:: Records ::

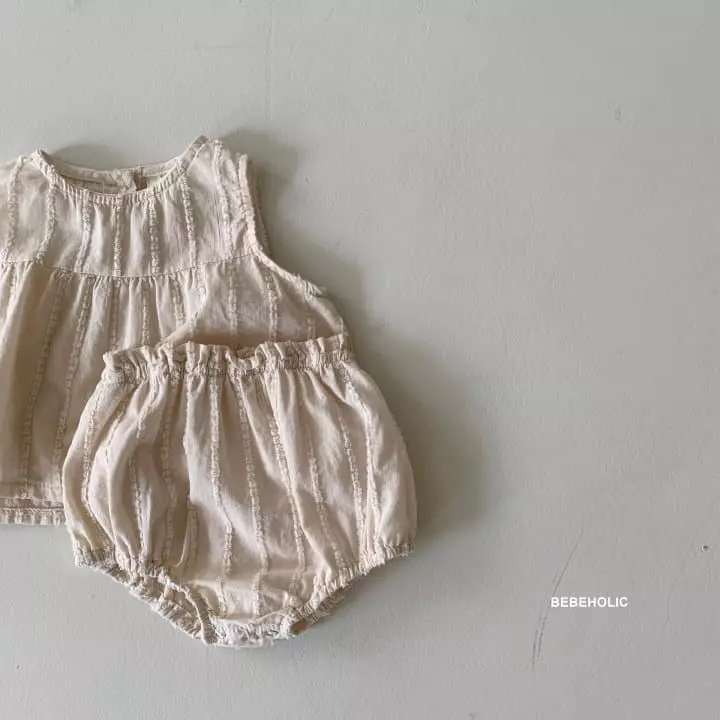 Bebe Holic - Korean Baby Fashion - #babyoninstagram - Haize Top Bottom Set - 12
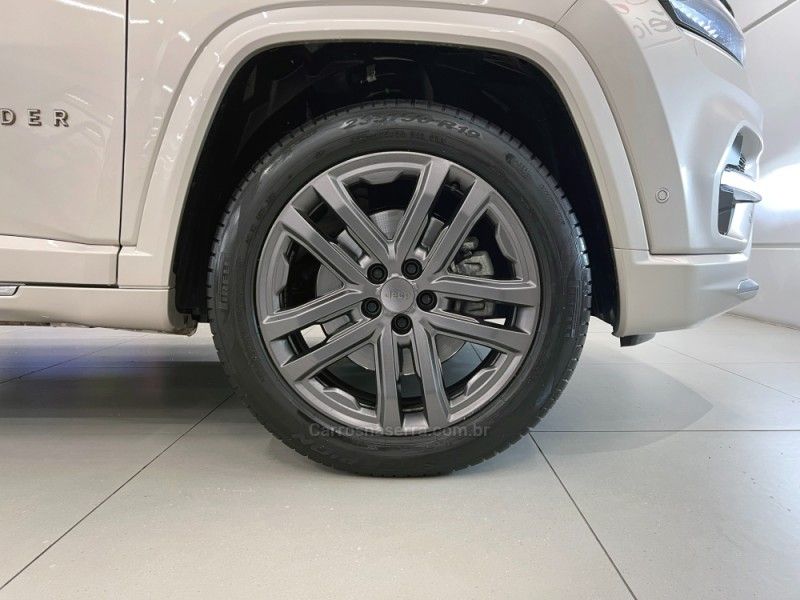 JEEP COMMANDER 2.0 OVERLAND HURRICANE 4X4 TURBO 2025/2025 ÓTIMA CAR FLORES DA CUNHA / Carros no Vale JEEP COMMANDER 2.0 OVERLAND HURRICANE 4X4 TURBO 2025/2025 ÓTIMA CAR FLORES DA CUNHA / Carros no Vale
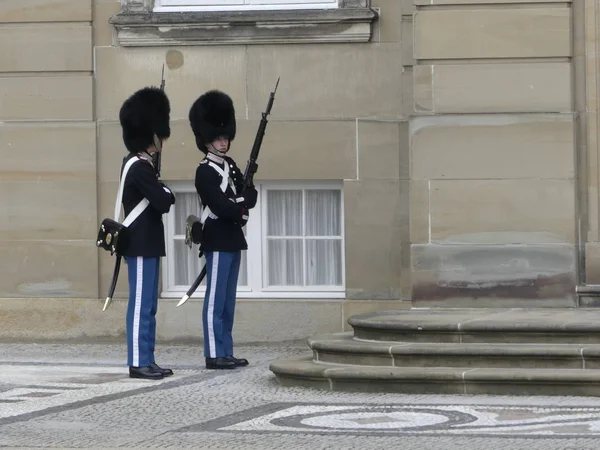 Kodaň, Dánsko-březen 2019: čestná stráž v Royal PA — Stock fotografie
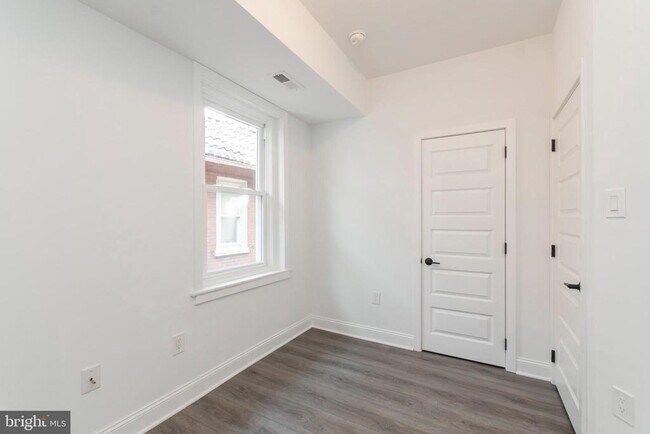 Building Photo - 4238 Spruce St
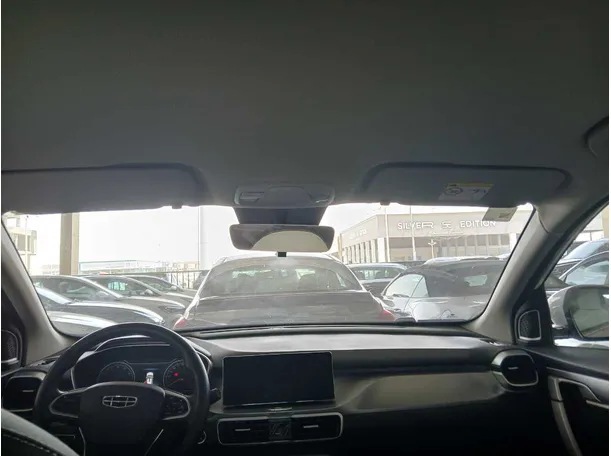 Car image 13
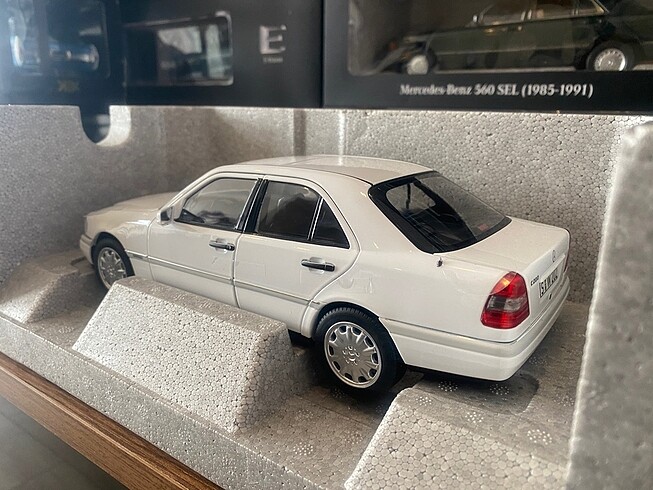Beden MERCEDES C200 1:18 ÖLÇEK NOREV BAYİ VERSİYON - HOBİ MODEL06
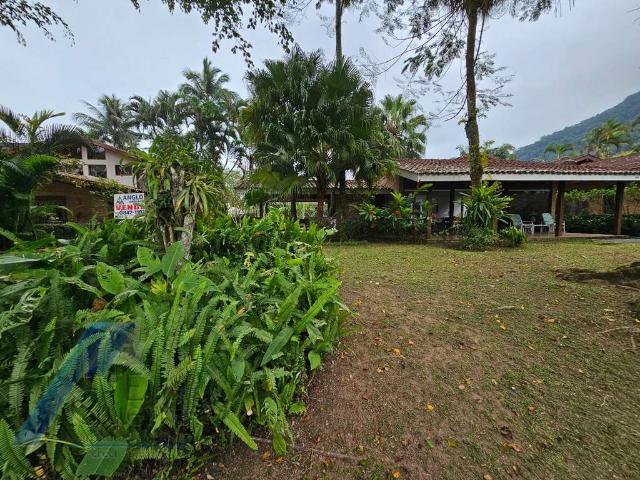 Casa / Sobrado para Venda em Ubatuba/SP Praia do Lazaro 3 Quartos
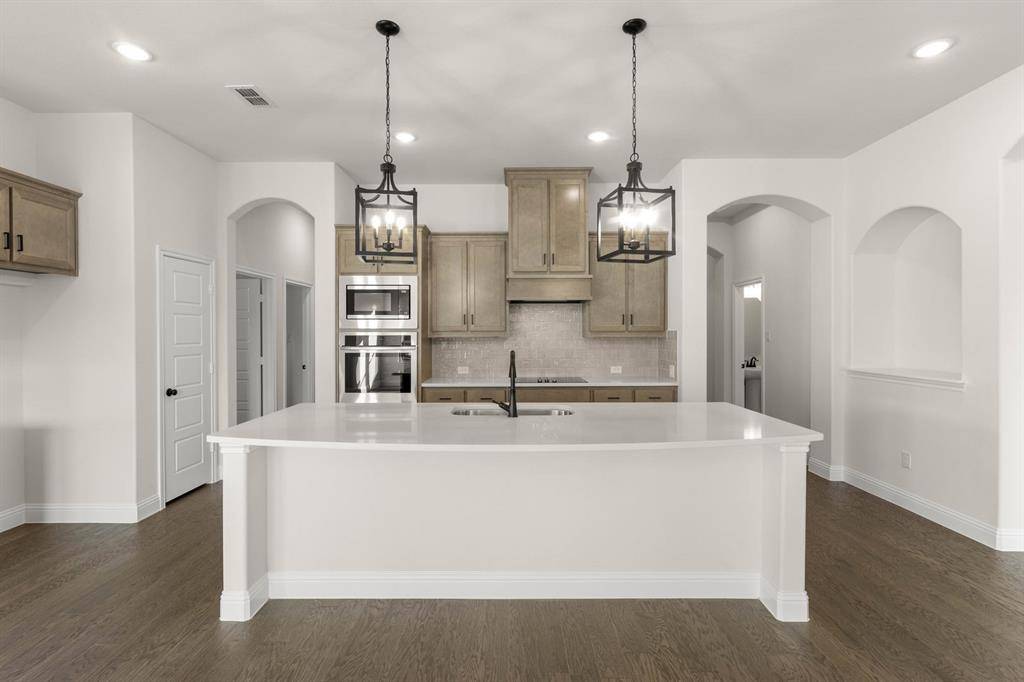 43 Magpie Street, Joshua, TX 76058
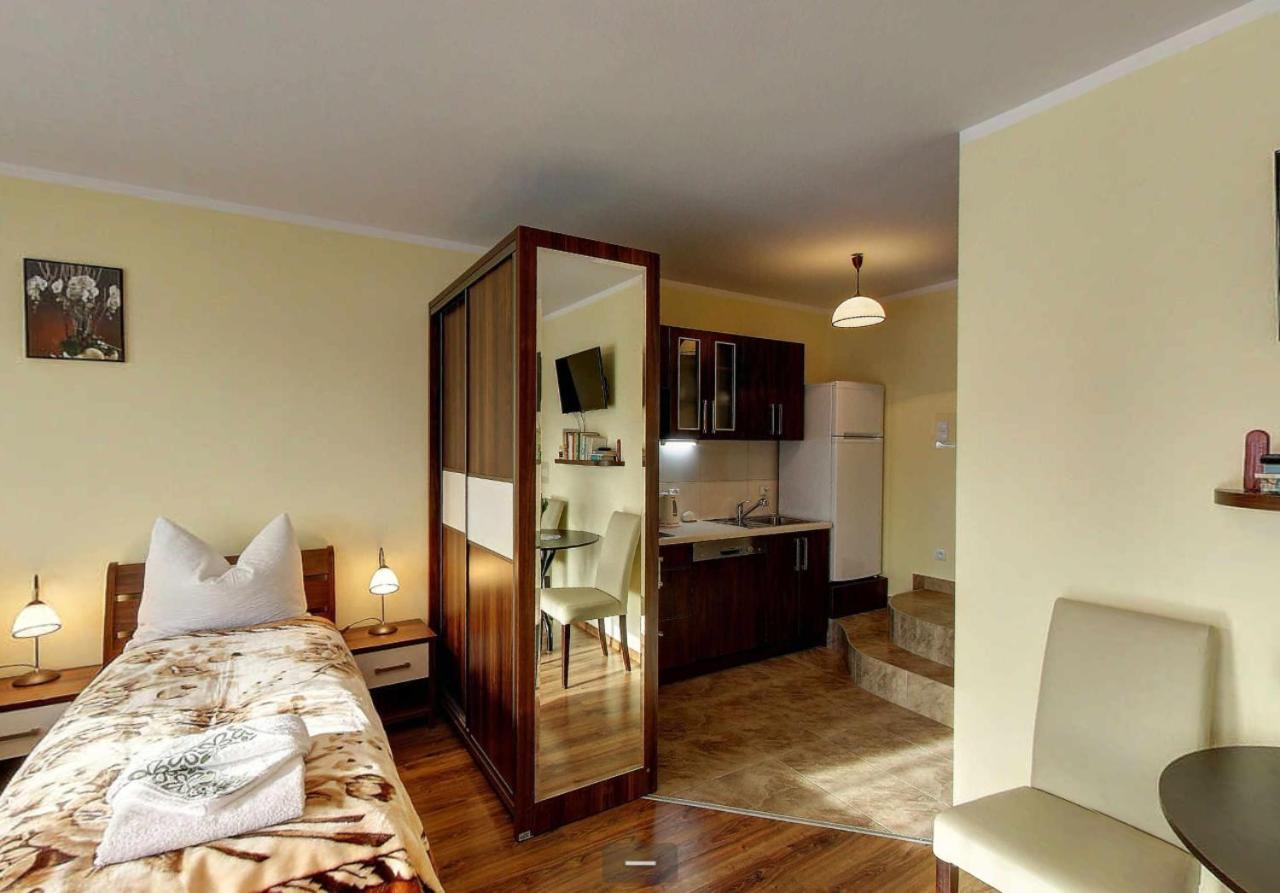 Villa Jura Pokoje Goscinne Zarki Esterno foto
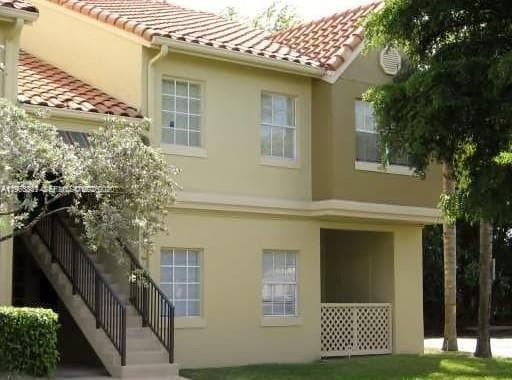 18328 NW 68th Ave # H, Hialeah FL 33015 photo 2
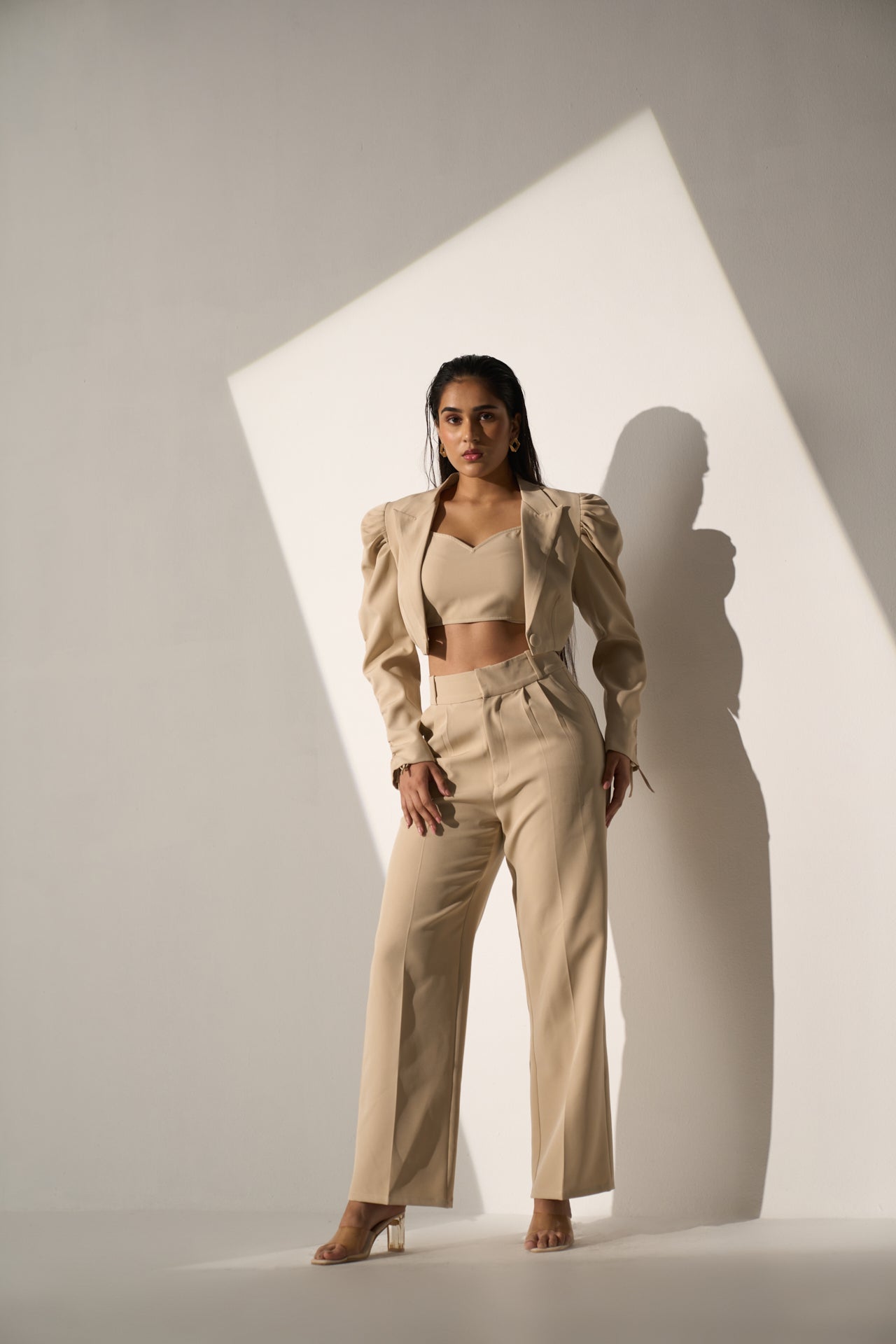 EFFORTLESS CHIC - Beige short Blazer with Straight pants (SET)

:::

● **Task instructions**: Your task is to retype, exactly and only, the lines from the line holding "43 Magpie Street, Joshua, TX 76058" through the final line of the data above, with both ends kept. Drop the pictures.

● **Final answer**:
 43 Magpie Street, Joshua, TX 76058
 Villa Jura Pokoje Goscinne Zarki Esterno foto
 18328 NW 68th Ave # H, Hialeah FL 33015 photo 2
 EFFORTLESS CHIC - Beige short Blazer with Straight pants (SET)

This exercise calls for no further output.